▶ AVAILABLE DATA
»»
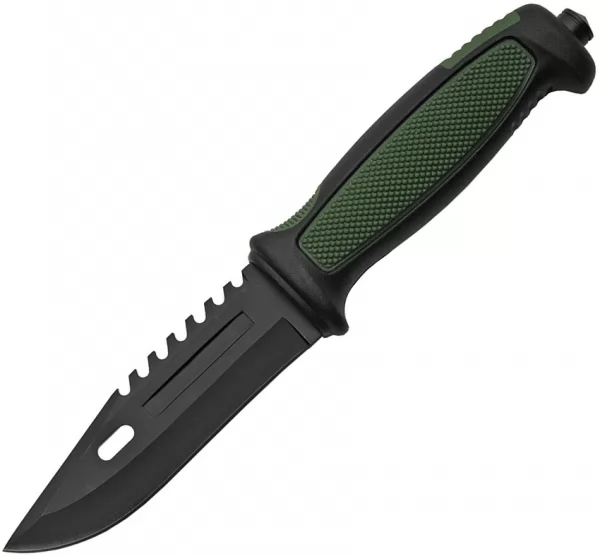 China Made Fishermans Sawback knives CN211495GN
««
»»
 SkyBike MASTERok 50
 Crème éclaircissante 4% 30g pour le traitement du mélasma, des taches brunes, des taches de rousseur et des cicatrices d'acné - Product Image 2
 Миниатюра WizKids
««
»»
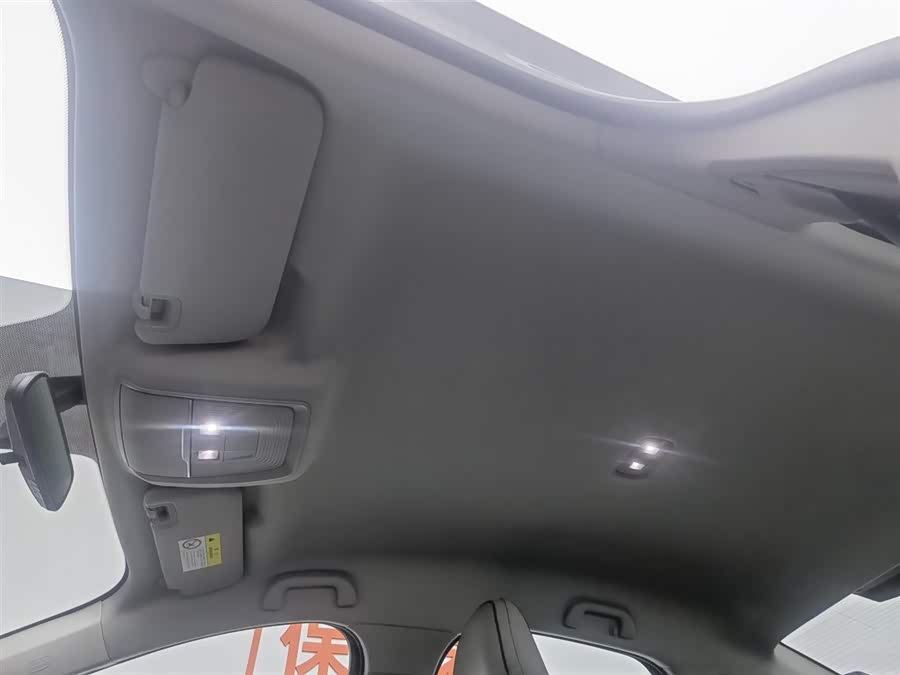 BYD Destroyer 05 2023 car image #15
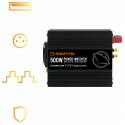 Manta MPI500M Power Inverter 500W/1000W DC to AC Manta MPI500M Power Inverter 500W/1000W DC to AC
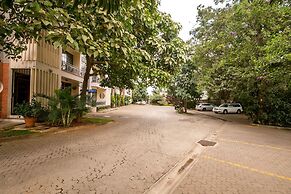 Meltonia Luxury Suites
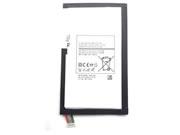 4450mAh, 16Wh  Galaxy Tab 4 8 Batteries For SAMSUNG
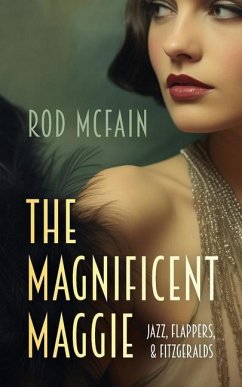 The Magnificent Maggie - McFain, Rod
««
▶ ABOUT THIS EXERCISE
The copy should hold exactly the lines above from the one with "Manta MPI500M Power Inverter 500W/1000W DC to AC Manta" through the one with "The Magnificent Maggie - McFain, Rod", both ends counted, and no pictures at all.

▶ PROBLEM SOLUTION
 Manta MPI500M Power Inverter 500W/1000W DC to AC Manta MPI500M Power Inverter 500W/1000W DC to AC
 Meltonia Luxury Suites
 4450mAh, 16Wh  Galaxy Tab 4 8 Batteries For SAMSUNG
 The Magnificent Maggie - McFain, Rod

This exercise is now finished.